### Required action
Set down exactly the entries below, beginning at their first line and ending at the line with "Внедорожник / Кроссовер".

(Extracted records)
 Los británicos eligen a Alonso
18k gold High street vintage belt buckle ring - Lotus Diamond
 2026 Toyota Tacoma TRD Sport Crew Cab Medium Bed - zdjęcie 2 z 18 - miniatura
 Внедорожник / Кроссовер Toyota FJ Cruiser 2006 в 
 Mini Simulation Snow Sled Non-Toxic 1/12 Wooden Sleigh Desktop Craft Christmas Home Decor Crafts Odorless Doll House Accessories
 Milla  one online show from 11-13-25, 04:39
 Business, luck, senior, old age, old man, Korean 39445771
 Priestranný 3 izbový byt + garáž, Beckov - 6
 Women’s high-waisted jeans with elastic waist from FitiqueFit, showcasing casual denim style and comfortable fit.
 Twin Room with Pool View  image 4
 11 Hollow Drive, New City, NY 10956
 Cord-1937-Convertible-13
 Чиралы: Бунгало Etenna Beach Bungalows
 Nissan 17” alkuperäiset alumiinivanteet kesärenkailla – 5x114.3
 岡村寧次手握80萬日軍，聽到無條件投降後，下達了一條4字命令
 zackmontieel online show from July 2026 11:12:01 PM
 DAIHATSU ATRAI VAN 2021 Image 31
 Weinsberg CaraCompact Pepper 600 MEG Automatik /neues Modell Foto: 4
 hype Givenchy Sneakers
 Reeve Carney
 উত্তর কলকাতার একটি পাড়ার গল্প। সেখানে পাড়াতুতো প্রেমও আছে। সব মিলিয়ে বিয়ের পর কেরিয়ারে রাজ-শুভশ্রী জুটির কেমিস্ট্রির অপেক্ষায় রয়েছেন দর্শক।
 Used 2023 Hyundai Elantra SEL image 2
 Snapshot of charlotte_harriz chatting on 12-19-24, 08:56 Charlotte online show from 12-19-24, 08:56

### Your response
 Los británicos eligen a Alonso
18k gold High street vintage belt buckle ring - Lotus Diamond
 2026 Toyota Tacoma TRD Sport Crew Cab Medium Bed - zdjęcie 2 z 18 - miniatura
 Внедорожник / Кроссовер Toyota FJ Cruiser 2006 в 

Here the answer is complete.